1. Uyuşmazlık ve Hukuki Nitelendirme

Uyuşmazlık, taşınmaz satımına ilişkin terditli tapu iptal tescil ve tazminat istemine ilişkindir.

2. İlgili Hukuk

a. Yargıtay Hukuk Genel Kurulunun 16.05.2019 tarihli ve 2018/13-977 E., 2019/572 K. sayılı kararı.

b. 4077 sayılı Tüketicinin Korunması Hakkındaki Kanun'un 4 ve 30 uncu maddeleri.

c. 6098 sayılı Türk Borçlar Kanunu'nun 117, 125 ve 146 ncı maddeleri.

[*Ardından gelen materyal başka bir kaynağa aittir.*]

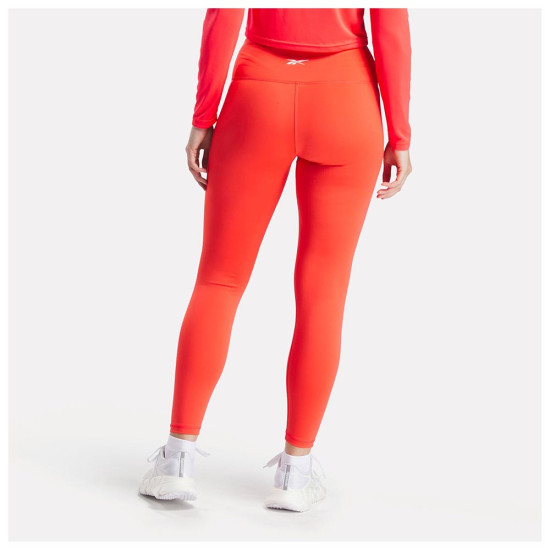 Reebok Γυναικείο κολάν Core High-Rise Leggings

d. Belediyenin güven teorisi gereği sorumluluğuna dair Yargıtay 3. Hukuk Dairesinin 01.06.2022 tarih ve 2022/3200 E., 2022/5289 K. sayılı ilamı.

3. Değerlendirme

Tarafların iddia, savunma ve dayandıkları belgelere, uyuşmazlığın hukuki nitelendirilmesi ile uygulanması gereken hukuk kurallarına, dava şartlarına, yargılamaya hakim olan ilkelere, ispat kurallarına ve temyiz olunan kararda belirtilen gerekçelere göre, bilirkişi raporunun açık, anlaşılır ve denetlenebilir olduğu, yukarıda açıklanan Hukuk Genel Kurulu kararı gereği davalı Belediyenin güven teorisi gereği diğer davalı ile birlikte sorumluluğunun bulunduğu anlaşılmakla, davalı ... vekilinin yerinde görülmeyen bütün temyiz itirazlarının reddi ile usul ve yasaya uygun kararın onanması gerekmiştir.

VI. KARAR

Açıklanan sebeplerle,

Mahkeme kararının 1086 sayılı Hukuk Usulü Muhakemeleri Kanunu'nun (1086 sayılı Kanun) 439. maddesi uyarınca ONANMASINA,

Aşağıda yazılı bakiye temyiz harcının temyiz edene yükletilmesine,

6100 sayılı Hukuk Muhakemeleri Kanunu'nun Geçici 3 üncü maddesi atfıyla 1086 sayılı Hukuk Usulü Muhakemeleri Kanunu'nun 440 ıncı maddesi gereğince kararın tebliginden itibaren 15 günlük süre içerisinde karar düzeltme yolu açık olmak üzere,26.09.2024 tarihinde oybirliği ile karar verildi.